Isomer assembles a unified model from raw analysis data (symbolic and/or audio) and populates a single (or multiple) database(s) with observed and interpreted feature data representations. Multiple model abstractions can exist simultaneously in discrete databases, a key feature of Isomer that encourages the emergence of a desired representation schema for the musical model. Model data is separated into four musical components: melody, harmony, rhythm and timbre depending on source availability.

Data Representation Overview

Isomer provides normalized storage of feature data in a Cartesian coordinate (grid) format. This allows input from various sources to combine in a single model representation suitable for further analysis and abstraction.

Cartesian Grid Format

Horizontal Axis

The horizontal (X) axis represents time with sampled data appearing at a regular, user-defined time interval (default = 2 ms). Each vertical column of data is called a slice.

Why is 2ms the default Slice window?

2ms is the smallest time interval at which humans can detect multiple transients and allows for complete capture of MIDI files with resolution of 30bpm @ 960ppq (or 60bpm @ 480ppq).

Vertical Axis

The vertical (Y) axis contains individual streams (type is dependent on input). Each stream forms a horizontal row that is further divided into four sub-stream categories: melody, rhythm, timbre and harmony.
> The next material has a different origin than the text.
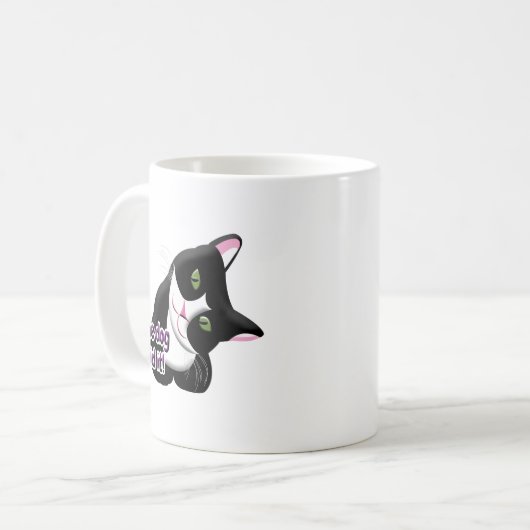 De hond deed het Cat Koffiemok (Voorkant links)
Each grid point contains multidimensional data for each of the stream sub-categories in time at a resolution defined by the user.

Observed and Extrapolated Data Fields

The source of input data (audio or symbolic) is determined at the time of model creation. Once the model is generated, the original format (audio or symbolic) of the raw data is no longer an issue, although input format can limit the parameters available (i.e. symbolic input contains no texture data).

Regardless of the input format, Isomer attempts to collect data without interpretation using the most accurate methods of analysis available. These data fields are treated as empirical observations. However, during model creation Isomer also calculates additional parameters to better prepare the data for use in a musical context. These are extrapolated data fields.

The grid format described above requires two coordinates: stream/sub-stream (Y) and a series of analysis windows (X). Each point in the grid contains data for the following parameters:

* indicates an extrapolated data field
- Melody
  - Pitch (hertz, midi)
  - Pitch IR *
  - IR Equity *
  - Proximity Equity *
  - Registral Return *
- Rhythm
  - Band (describes Bark Scale freq range where onset is detected)
  - Intensity (percentage, velocity)
  - Onset Equity *
- Timbre
  - RMS
  - Spectral Stability
  - Spectral Flatness
  - MFCC (13)
- Harmony
  - Pitches (hertz, midi, intensity)
  - Average Chroma
  - Total Pitches *
  - Tension *
Multi-Event Query Parameters

Querying musical data in Isomer allows users to mine the models for musically relevant trends. The user supplies coordinates as time and stream/sub-stream ranges. This input is translated into the matrix coordinates (as defined by the model) before the query is executed.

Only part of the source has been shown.